En este sentido, el cineasta hace un trabajo brillante en el montaje, el cual es clave para que la película no se sienta opresiva ni deprimente. Hay momentos de ligereza, incluso humor, como si la misma muerte quisiera ser presentada como un acto de liberación y no de condena. Esto no solo hace que la película sea accesible, sino que refleja la visión de Jacqueline: la muerte no es algo que deba ser temido ni ocultado, sino algo que puede ser tratado con la misma serenidad y reflexión que cualquier otro aspecto de la vida.

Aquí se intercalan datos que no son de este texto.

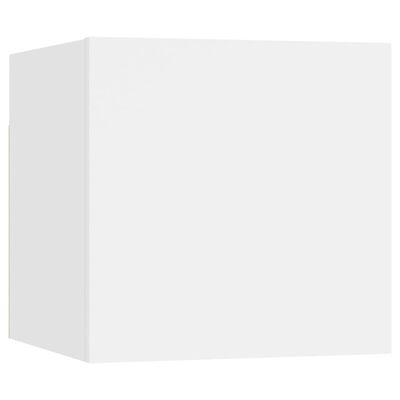 vidaXL Table de chevet Blanc 30,5x30x30 cm Aggloméré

Este enfoque da lugar a una reflexión más profunda sobre por qué los seres humanos somos tan reticentes a hablar sobre la muerte, especialmente sobre el suicidio asistido. Vivimos en una sociedad que celebra la vida con tanta fuerza que hemos olvidado que la muerte es también parte de ella. La constante búsqueda de la juventud y la evasión de la vejez como un fallo o un error, son actitudes profundamente arraigadas en nuestra cultura. Nos hemos acostumbrado a mantener a la muerte a distancia, a no hablar de ella, a no reconocer que es tan inevitable como vivir. Hablar de la muerte, especialmente cuando la persona decide cuándo y cómo partir, nos coloca frente a nuestras propias inseguridades y miedos, a la incertidumbre de lo que nos espera. Pero, como Jencquel demuestra con su cámara, el proceso de enfrentarse a la muerte es una conversación profundamente humana, cargada de contradicciones pero también de una extraordinaria belleza.
Uno de los momentos más conmovedores del documental ocurre cuando Jacqueline cita a Charles Baudelaire: «¡Ah, Señor! ¡dame la fuerza y el coraje para contemplar mi corazón y mi cuerpo sin asco!». Esta cita, que resuena con la filosofía del poeta maldito, no solo refiere a la fragilidad humana, sino a la aceptación total de uno mismo, con todas las imperfecciones y limitaciones inherentes al paso del tiempo. Es, quizás, el momento clave en que la película transita de una mirada introspectiva sobre la muerte a una reflexión sobre lo que realmente significa vivir. La fuerza y el coraje que Baudelaire pide son los mismos que Jacqueline parece haber encontrado al tomar su decisión, y que el director transmite con una cámara que no juzga, sino que acompaña en un proceso de aceptación. Este verso resalta la tensión entre el asco por el desgaste físico y la necesidad de abrazar nuestra humanidad tal como es, sin edulcorantes ni negaciones. Es un acto de valentía que se refleja en cada escena, en cada palabra, en cada mirada entre madre e hijo.
En resumen, Jackie the Wolf no es una película sobre la muerte, sino sobre la vida y las decisiones que tomamos para vivirla de manera plena, incluso cuando esa plenitud incluye el derecho de decidir cuándo terminar con ella. Tuki Jencquel no solo nos invita a contemplar la muerte, sino a cuestionarnos sobre el significado de vivir con dignidad hasta el último aliento. Y, en ese proceso, logra que la muerte deje de ser el enemigo al que tememos, para convertirse en una decisión humana y valiente que, a su manera, también celebra la vida.